▶ PROMPT:
Please restate, word for word, the lines below that begin at the one with "Lynx Tactical Membrane Pants-4" and end at the one with "Endgame: A Journal of the Seventy-Ninth Year". Leave out all other lines.

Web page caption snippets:
──────────────────────────────
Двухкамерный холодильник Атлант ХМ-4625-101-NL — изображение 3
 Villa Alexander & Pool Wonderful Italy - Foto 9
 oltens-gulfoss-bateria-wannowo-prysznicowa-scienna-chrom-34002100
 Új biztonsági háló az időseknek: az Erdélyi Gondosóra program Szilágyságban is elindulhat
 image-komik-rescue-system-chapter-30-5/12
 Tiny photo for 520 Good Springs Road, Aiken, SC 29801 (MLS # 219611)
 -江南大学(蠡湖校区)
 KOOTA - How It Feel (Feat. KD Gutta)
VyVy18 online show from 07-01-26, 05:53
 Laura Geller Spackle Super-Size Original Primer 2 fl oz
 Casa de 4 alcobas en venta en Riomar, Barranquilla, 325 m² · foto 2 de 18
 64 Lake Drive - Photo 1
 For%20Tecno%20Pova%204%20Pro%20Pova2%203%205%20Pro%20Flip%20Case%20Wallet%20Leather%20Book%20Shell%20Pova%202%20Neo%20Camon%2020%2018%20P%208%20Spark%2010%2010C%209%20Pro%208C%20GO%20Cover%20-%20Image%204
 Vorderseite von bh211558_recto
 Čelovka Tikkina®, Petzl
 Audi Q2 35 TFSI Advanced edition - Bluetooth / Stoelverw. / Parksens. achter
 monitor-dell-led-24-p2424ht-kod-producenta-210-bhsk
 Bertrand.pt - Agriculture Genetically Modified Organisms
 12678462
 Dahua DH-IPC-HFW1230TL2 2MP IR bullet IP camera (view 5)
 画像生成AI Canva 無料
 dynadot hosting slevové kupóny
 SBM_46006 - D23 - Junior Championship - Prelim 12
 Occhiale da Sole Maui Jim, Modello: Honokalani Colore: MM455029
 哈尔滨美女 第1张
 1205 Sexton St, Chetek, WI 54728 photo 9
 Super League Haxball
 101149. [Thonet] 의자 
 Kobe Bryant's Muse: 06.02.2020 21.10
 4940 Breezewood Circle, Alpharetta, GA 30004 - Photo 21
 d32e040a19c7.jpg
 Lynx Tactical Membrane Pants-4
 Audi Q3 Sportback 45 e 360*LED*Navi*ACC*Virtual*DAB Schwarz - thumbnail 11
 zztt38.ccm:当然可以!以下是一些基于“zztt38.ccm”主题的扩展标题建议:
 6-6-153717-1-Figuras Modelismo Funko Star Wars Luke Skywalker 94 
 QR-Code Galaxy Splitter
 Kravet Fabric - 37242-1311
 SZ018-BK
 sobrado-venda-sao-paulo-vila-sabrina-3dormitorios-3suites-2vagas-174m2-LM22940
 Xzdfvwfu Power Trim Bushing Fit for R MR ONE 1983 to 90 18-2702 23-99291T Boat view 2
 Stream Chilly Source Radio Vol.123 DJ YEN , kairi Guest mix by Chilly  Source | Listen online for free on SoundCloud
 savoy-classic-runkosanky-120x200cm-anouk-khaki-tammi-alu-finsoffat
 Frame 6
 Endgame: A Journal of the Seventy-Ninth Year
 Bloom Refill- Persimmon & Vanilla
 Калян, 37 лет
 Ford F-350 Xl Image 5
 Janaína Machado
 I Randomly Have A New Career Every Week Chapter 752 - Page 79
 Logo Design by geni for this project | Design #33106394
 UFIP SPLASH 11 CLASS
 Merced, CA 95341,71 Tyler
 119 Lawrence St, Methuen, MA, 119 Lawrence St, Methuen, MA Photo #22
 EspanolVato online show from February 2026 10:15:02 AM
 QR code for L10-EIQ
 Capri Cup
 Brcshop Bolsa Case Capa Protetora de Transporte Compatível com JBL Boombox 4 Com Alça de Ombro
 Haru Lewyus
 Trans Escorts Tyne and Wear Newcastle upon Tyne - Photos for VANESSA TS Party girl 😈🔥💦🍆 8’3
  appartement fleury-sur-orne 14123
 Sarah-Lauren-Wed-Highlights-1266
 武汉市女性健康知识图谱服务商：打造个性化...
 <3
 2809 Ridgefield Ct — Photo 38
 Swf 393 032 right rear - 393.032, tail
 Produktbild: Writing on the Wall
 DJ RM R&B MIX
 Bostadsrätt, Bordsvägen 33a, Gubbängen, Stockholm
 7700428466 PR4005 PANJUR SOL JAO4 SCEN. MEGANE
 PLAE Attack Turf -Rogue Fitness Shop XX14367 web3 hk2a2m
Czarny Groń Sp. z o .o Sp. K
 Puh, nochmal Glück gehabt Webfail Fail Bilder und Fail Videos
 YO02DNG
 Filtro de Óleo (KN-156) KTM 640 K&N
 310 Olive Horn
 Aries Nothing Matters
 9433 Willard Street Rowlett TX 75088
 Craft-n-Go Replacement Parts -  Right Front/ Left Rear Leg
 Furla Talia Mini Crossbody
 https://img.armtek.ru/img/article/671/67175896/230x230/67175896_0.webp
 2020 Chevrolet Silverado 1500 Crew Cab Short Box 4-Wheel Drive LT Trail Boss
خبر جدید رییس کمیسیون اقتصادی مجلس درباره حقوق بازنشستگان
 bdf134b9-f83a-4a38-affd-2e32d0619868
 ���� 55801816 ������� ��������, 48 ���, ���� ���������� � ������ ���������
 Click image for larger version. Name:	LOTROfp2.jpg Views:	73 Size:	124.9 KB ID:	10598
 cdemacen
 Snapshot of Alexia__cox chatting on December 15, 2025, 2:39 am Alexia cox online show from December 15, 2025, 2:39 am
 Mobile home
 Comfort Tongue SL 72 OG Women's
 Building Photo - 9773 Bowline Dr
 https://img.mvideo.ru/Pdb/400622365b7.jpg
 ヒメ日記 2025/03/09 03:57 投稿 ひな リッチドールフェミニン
──────────────────────────────
▶ REPLY:
 Lynx Tactical Membrane Pants-4
 Audi Q3 Sportback 45 e 360*LED*Navi*ACC*Virtual*DAB Schwarz - thumbnail 11
 zztt38.ccm:当然可以!以下是一些基于“zztt38.ccm”主题的扩展标题建议:
 6-6-153717-1-Figuras Modelismo Funko Star Wars Luke Skywalker 94 
 QR-Code Galaxy Splitter
 Kravet Fabric - 37242-1311
 SZ018-BK
 sobrado-venda-sao-paulo-vila-sabrina-3dormitorios-3suites-2vagas-174m2-LM22940
 Xzdfvwfu Power Trim Bushing Fit for R MR ONE 1983 to 90 18-2702 23-99291T Boat view 2
 Stream Chilly Source Radio Vol.123 DJ YEN , kairi Guest mix by Chilly  Source | Listen online for free on SoundCloud
 savoy-classic-runkosanky-120x200cm-anouk-khaki-tammi-alu-finsoffat
 Frame 6
 Endgame: A Journal of the Seventy-Ninth Year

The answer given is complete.